The past year has been a tumultuous one for many businesses, but the Kivalliq Chamber of Commerce will retain some familiar faces among its executive over the rebuilding phase.

Patrick Tagoona was selected to serve another two-year term as the chamber’s president during the organization’s annual general meeting in March.

Also returning are Anthony Tootoo as vice-president, Shawn Lester as secretary treasurer, Glenn McLean as past president and directors Tara Tootoo-Fotheringham, Laura Solberg and Lonny Syvret.

Only second vice-president Harry Aggark will not be back.

The Covid-19 pandemic disrupted the Kivalliq chamber’s plans and those of many of its businesses over the past 12 months.

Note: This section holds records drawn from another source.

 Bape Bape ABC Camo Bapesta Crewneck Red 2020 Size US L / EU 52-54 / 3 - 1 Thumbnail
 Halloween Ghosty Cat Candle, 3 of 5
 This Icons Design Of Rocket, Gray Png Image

Tagoona said that the business advocacy group was prepared to send a delegation to the Northern Perspectives trade show in Winnipeg in February but the event was postponed indefinitely.

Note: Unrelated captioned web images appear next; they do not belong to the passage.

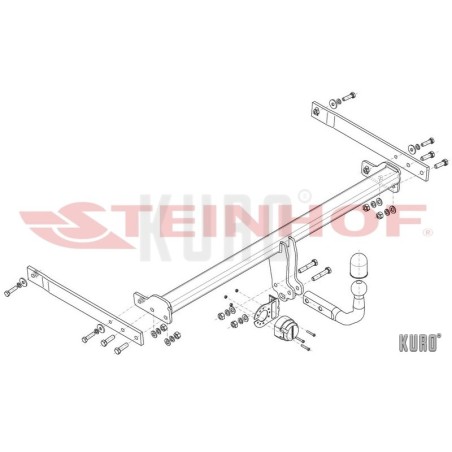 Steinhof hak holowniczy SEAT Leon III ST Kombi 2013-2020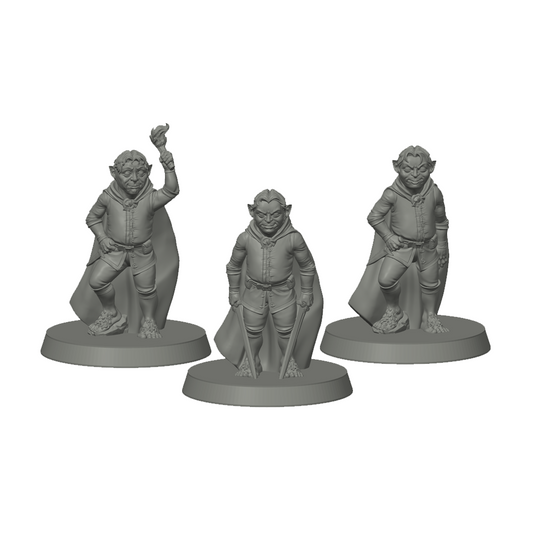Halfling Explorers – miniatyrsett (3 stk)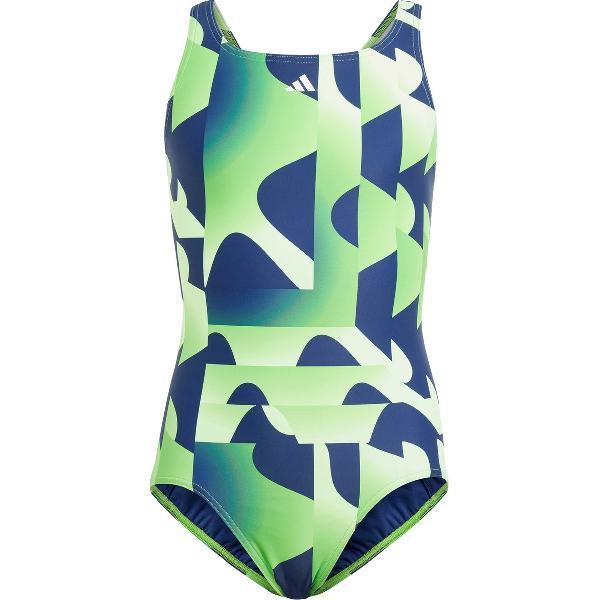 Foto van adidas Performance Performance 3-Stripes Graphic Badpak Kids - Kinderen - Groen- 152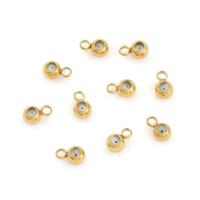 304 Edelstahl Stopper-Perlen, Vakuum-Ionen-Beschichtung, DIY, keine, 20PCs/Tasche, verkauft von Tasche[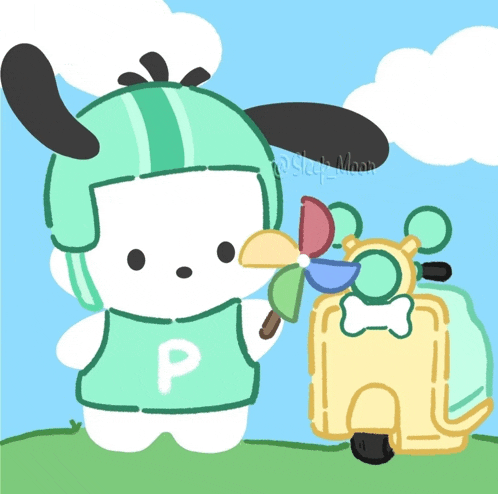 a cartoon drawing of a dog with the letter p on its shirt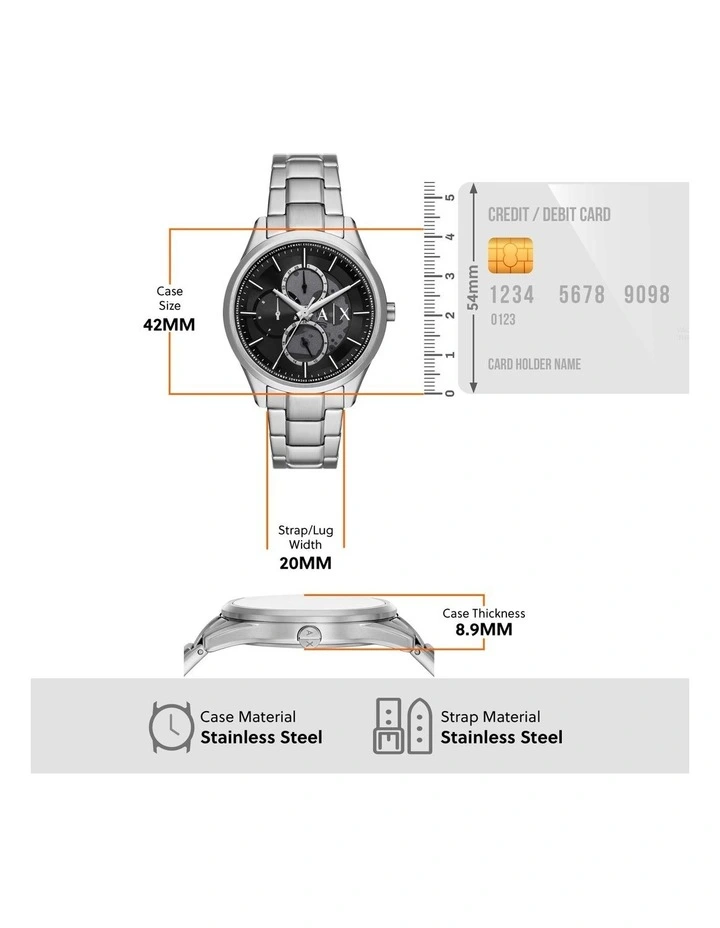 Dante Chronograph AX1873 Watch in Silver image 5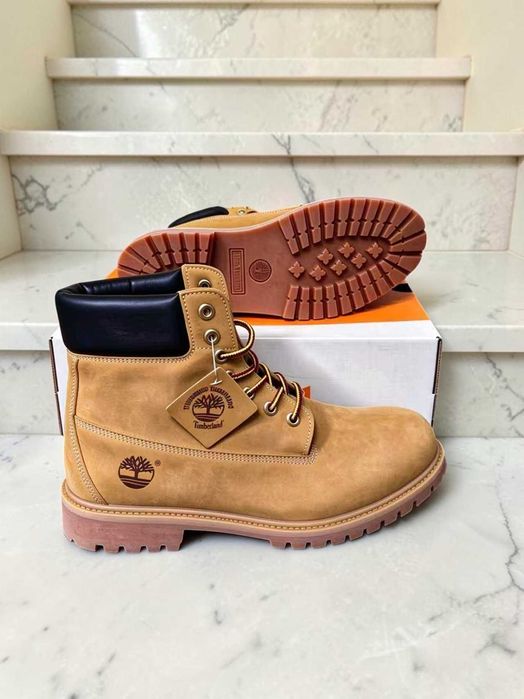 Timberland męskie buty Premium 6 calowe pszeniczny nubuk Rozmiar 45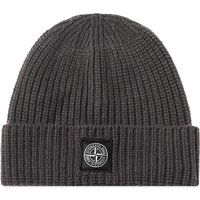 Kulicha Stone Island Wool Patch Beanie Šedá | 7915N10-V0M67, 1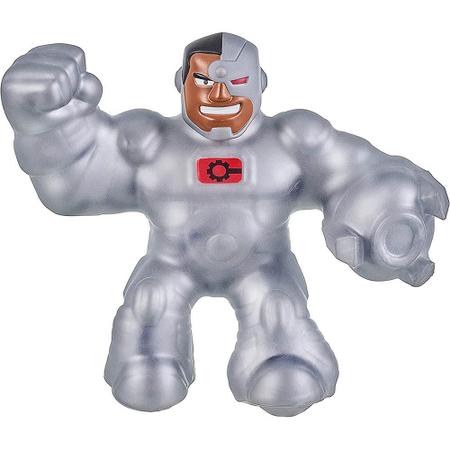 Boneco Elástico que Estica Cyborg - Goo Jit Zu DC - Shop Macrozao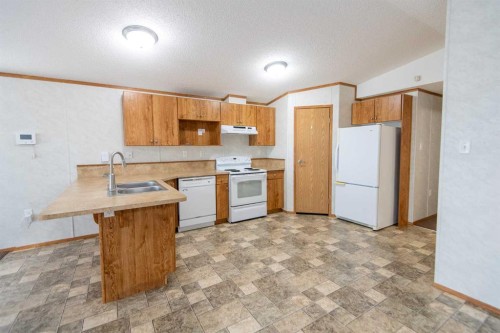 10509 110 Ave, La Crete, AB - Indoor Photo Showing Kitchen With Double Sink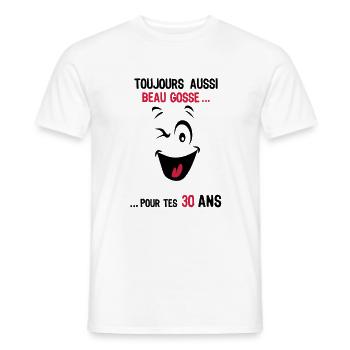 30 Jahre immer noch gut aussehend für Alter ks - Männer T-Shirt - Weiß - Vorne - AI Model Male 178 dark (178cm)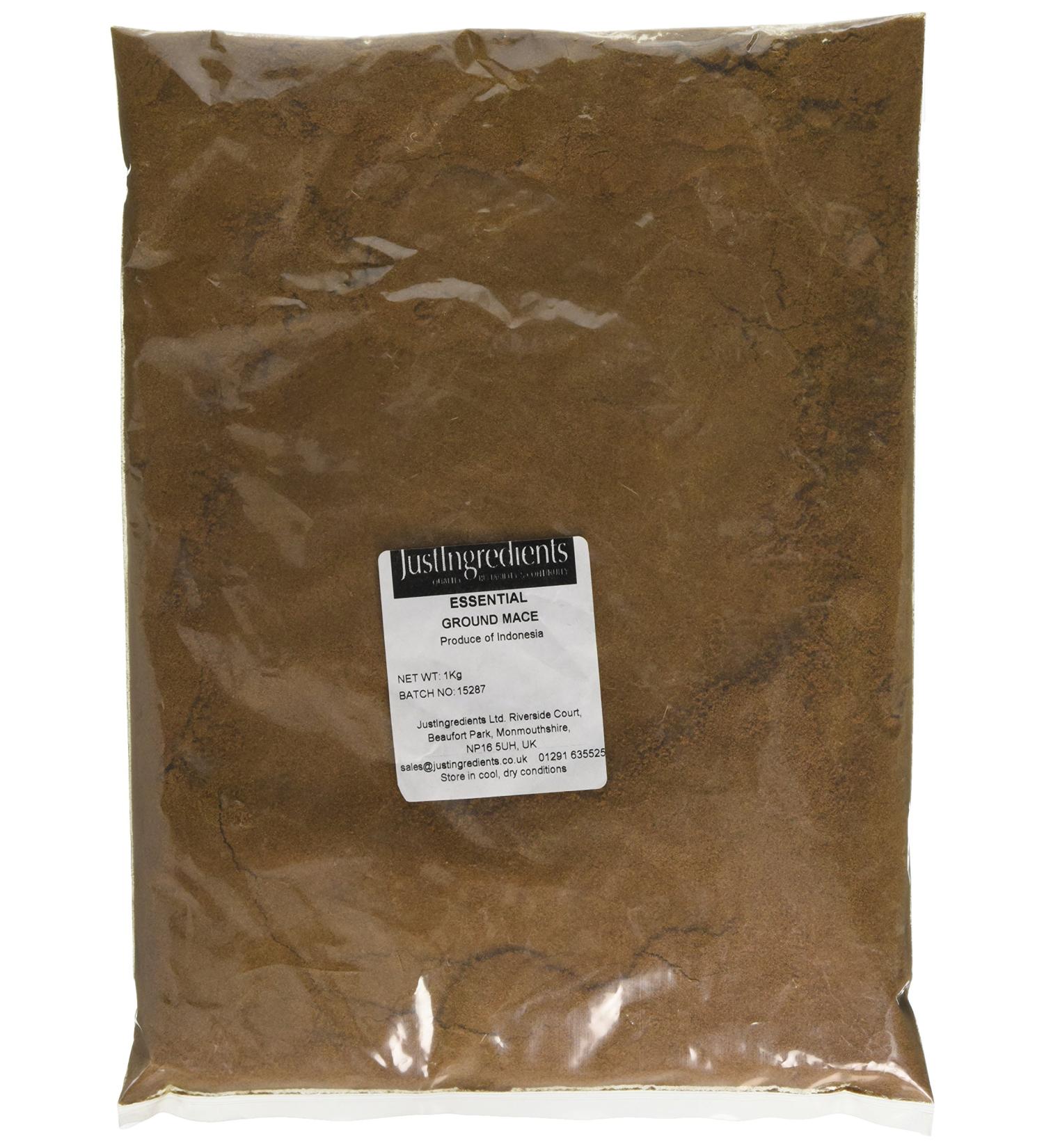 JustIngredients Essentials Mace Ground 1kg - Premium Quality Spice for Cooking - Buy Online on GoSupps.com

“In 2019, that (trade show) went very well,” Tagoona recalled. “Right now we’re just kind of in a wait-and-see as to how things will proceed for this coming year.”

One of the difficulties for many Kivalliq businesses, particularly outside of Rankin Inlet, has been finding support in applying for the various emergency government funding programs, according to Tagoona.

“Not having that face-to-face opportunity, working remotely, creates challenges for sure,” he said, adding that the travel restrictions over the past year, the additional costs of quarantine requirements, time delays and the rising cost of supplies have been among the other complications that entrepreneurs have been trying to overcome.

Owner and president of Nunavut Investments in Rankin Inlet, Tagoona planned to ship up more modular homes last summer as he had done in the past, but that too was foiled by the pandemic.

Due to the increasing price of home-building materials and other logistical challenges, he said it’s unlikely that he’ll be able to follow through on that ambition again this summer.

“At the time, I think like everyone else, we didn’t know how long this (pandemic) would go on or what level it would get to,” said Tagoona, who’s also former president of the Kivalliq Inuit Association’s Sakku Investments Corporation. “It’s been a challenge for everybody, for sure.”

Regardless, he welcomes the opportunity to again take the reins of the Kivalliq chamber as he maintains optimism that conditions will eventually improve.

“We’re still in a period of some uncertainty,” he acknowledged in regards to when the Covid vaccine roll out will be completed and whether herd immunity will be achieved. “Eventually, things will open up … this thing will pass. As the saying goes, the light is at the end of the tunnel. We’ve just got to stay careful and take the appropriate measures that are required to ultimately get to that point.

“Hopefully throughout the year things will start rebounding … definitely as a chamber we obviously want to do more this coming year and moving forward.”